Hidden lesson from Clarion West

During Clarion, every week I turned in my story in a sweat, freaked out, anxious, exhausted from the week’s effort, wondering if I’d gone mad, if it was any good, if I’d made any progress at all. I would, seriously, turn in, sit down quietly somewhere for a couple minutes to calm down, and then take a shower, or go for a walk, or fall asleep.

I wrote harder, in an exertion sense, then I’d ever before. And here’s the thing that’s come to me: you don’t stop writing that hard. The things I learned don’t make it easy to crank out a story. They made it harder. In some cases, far harder — putting the visceral and the emotional in my stories is still a huge struggle, for instance, and it puts the fear into me again, and when I don’t pull it off I want to bang my head against a wall.

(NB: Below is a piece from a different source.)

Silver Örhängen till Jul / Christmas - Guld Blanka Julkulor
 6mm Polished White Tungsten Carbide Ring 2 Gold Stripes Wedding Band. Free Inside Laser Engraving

Looking back, I’m not sure why that’s a surprise. I didn’t expect that in week four, Kelly would say “and surprise, here’s the secret to turning out consistently great short stories — drink a cup of green tea quickly five minutes before you sit down! There it is, everyone! Don’t spread it around, because you’d only be helping your competition.”

And yet it’s hard to grasp: to write stories I liked as much as the ones I produced in those six weeks, I have to work just as hard as I worked then. The difficulty setting on the treadmill only goes up.

Unless you write some flash fiction, right Gary?